Of course, only people of a certain age are painting abstractions, these days. Walk into any hip young gallery and you’ve got cartoons, fashion statements, stuffed animals, natural objects in unnatural spaces, unnatural objects in natural spaces, etc. (Shown, “Wigs,” from Andrew Jeffrey Wright’s show at Spector.)

The main trouble with abstraction is that most people don’t get it most of the time. And art lovers get it only some of the time.

For one thing, there’s a lot of dross out there. For another, you’ve got to be steeped in art to get abstraction (shown, Kandinsky’s Black Lines). It requires a viewer with time to ponder, who is familiar with painterly and rendering strategies, with some art history, and with a willingness to look at the brush strokes and past them (the brush strokes, after all, are not enough to hold the interest of your average bear or even your average art lover).

The problem with a lot of abstract painting is not that different from the problem with a lot of representational painting, i.e. not so interesting, not so good.

I’m thinking here about those Dick Perez baseball paintings coming to PAFA Jan. 7 to celebrate the new Phillies stadium.

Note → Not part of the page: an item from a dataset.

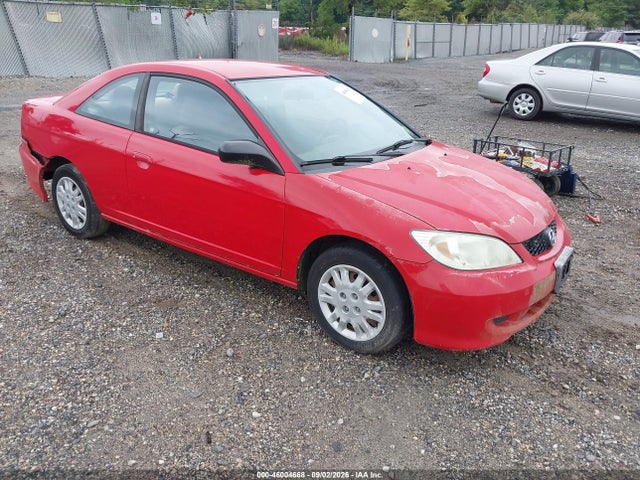 Auction sale of the 2005 Honda Civic Lx, vin: 1HGEM22575L043854, lot number: 46004668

To me, this is lowest common denominator art, appealing to everyone who loves a representational picture–and baseball, I guess.

But imagine yourself 1,000 years from now. The game of baseball has disappeared from earth along with most of what we now call civilization. Someone finds one of these paintings, like this one showing Richie Ashburne sliding in to home. Surely, this would be mysterious to you. Who’s that scary-looking guy in black? Is the guy flying in the air an angel? Is he going to kill the guy who fell? Is the guy who fell someone special?

What seems today to be nothing more than a picture might seem like art in the distant future, having gained an openness that wasn’t there at the time it was painted.

I wonder how many Renaissance paintings or Medieval paintings gain their mystery from our ignorance. They make us wonder who that girl in the pearl earring really is, but perhaps, in her day, everyone knew who she was or what kind of person she was.

While enjoying pictures of the world is part of our nature, not everyone enjoys art more than snapshots. Why else would so many people own no art, not even prints and reproductions, which are cheap, and why else would so many people put up movie posters and snapshots of their friends, to the exclusion of art?

So art isn’t for everyone, even when it is representational. And abstraction has a smaller audience, yet. And it’s the size of the audience that gives art its best chances for survival. So you may be right, that abstraction is the Neanderthal of the art world — but not if the art world has its say:

Art museums are skewing the survival prospects of abstract art by having so much of it in their collections (shown, Hans Hoffman’s The Gate, part of the Guggenheim’s collection). Here, it’s the extremely informed art viewers who are making the choices and not vox populi. In truth, they may be too far into their theories and interest in paint’s materiality to notice that few others are looking.

So 1,000 years from now, when you discover a color field painting (shown, a Jules Olitski screen print) that survived the bombs down in the museum sub-basement, will you say, look at this giant color swatch for floor covering, or will you say om?

My guess is you will save the om for a Tibetan Tanka that takes you on a representational trip around its image and into the beyond.

On the other hand, we have tons of pattern that we admire from other cultures, so why wouldn’t Futureworld admire ours?

Abstract is pretty hard to decode, and some of it seems just silly to me (I’m thinking Robert Ryman whites, Ad Rheinhart blacks).

But what do you make of Thomas Nozkowski (shown, Untitled)? I don’t think you’d throw him on the trash heap that readily.